DIRECTIONS FOR THIS TASK: Produce a word-for-word copy of the line that contains "States of America'" and each line after it through the end of the material, omitting pictures and all other lines.

RECORDS PROVIDED:
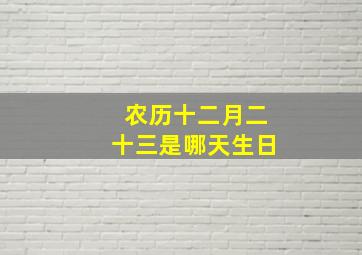 农历十二月二十三是哪天生日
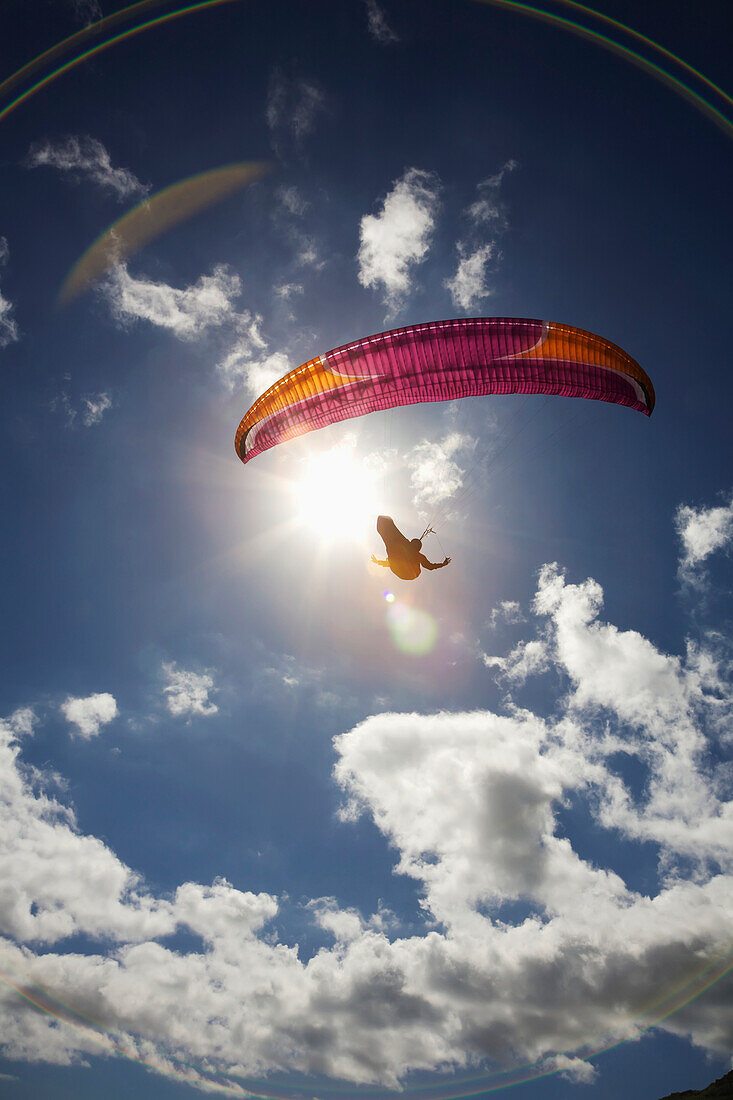 'Paraglider at Makapuu Point; Oahu, Hawaii, United States of America'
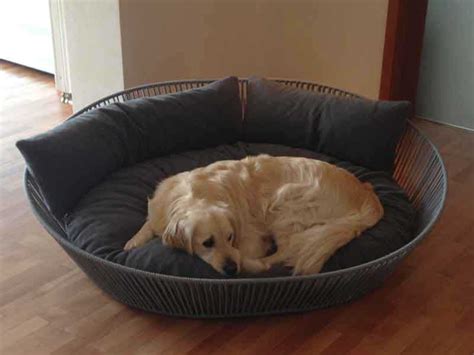 Check spelling or type a new query. dog beds with 100 % latex cushion in high-end workmanship.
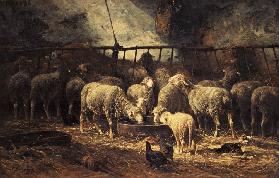 The Large Sheepfold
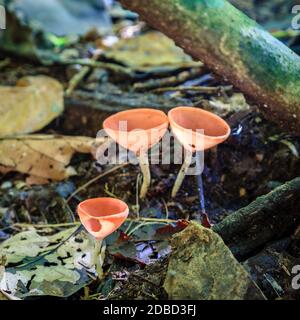 Rosa Champagner Pilze im tropischen Regenwald von Costa Rica Stockfoto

ANSWER SPACE:
 'Paraglider at Makapuu Point; Oahu, Hawaii, United States of America'
 Check spelling or type a new query. dog beds with 100 % latex cushion in high-end workmanship.
 The Large Sheepfold
 Rosa Champagner Pilze im tropischen Regenwald von Costa Rica Stockfoto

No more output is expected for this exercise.